Layoffs possible, state agency warns

Labor Department says improved jobless outlook could cost its workers jobs

? The state agency that handles unemployment claims announced Wednesday it may be creating some of its own.

Officials with the Kansas Department of Labor, which is considering laying off employees, blamed the belt-tightening on the improving economy. With the jobless rate decreasing, the federal government will reduce the amount of money it sends to administer unemployment compensation benefits.

“Unfortunately, to operate within the budget we have for this year, we may have to lay off some staff,” Labor Secretary Jim Garner said in an e-mail distributed to the agency’s workers.

Kansas’ preliminary unemployment rate for August is 4.6 percent, down from 5.2 percent in August 2003.

Garner said the Labor Department expected to receive $17.5 million in unemployment administration funds, $1.7 million less than the funding amount in the current fiscal year.

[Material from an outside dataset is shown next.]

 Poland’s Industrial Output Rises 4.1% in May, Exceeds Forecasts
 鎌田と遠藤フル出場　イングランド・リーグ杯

To bridge the funding gap, Garner has ordered that three areas — support services, labor market information services and unemployment insurance — cut their budgets by 10 percent.

Beth Martino, a spokeswoman for the Labor Department, said the 650-employee agency would try to avoid making any layoffs, and said she couldn’t estimate how many could occur.

In his e-mail, Garner defended the agency’s hiring in some areas while considering layoffs. He said there were key, highly skilled positions that must be filled.

The announcement about budget problems comes after the agency recently announced it was spending about $20 million to overhaul its computer system.

The Labor Department also recently transferred 240 employees to the Kansas Department of Commerce in a move touted by Gov. Kathleen Sebelius as a way to improve job-training programs in the state.

Betty Vines, president of the Kansas Association of Public Employees, said she was concerned about the possibility of layoffs.

“Supposedly, the break-up of the agency was to be an improvement,” she said.

If there are layoffs at the Labor Department, they would occur before the end of the year, Martino said.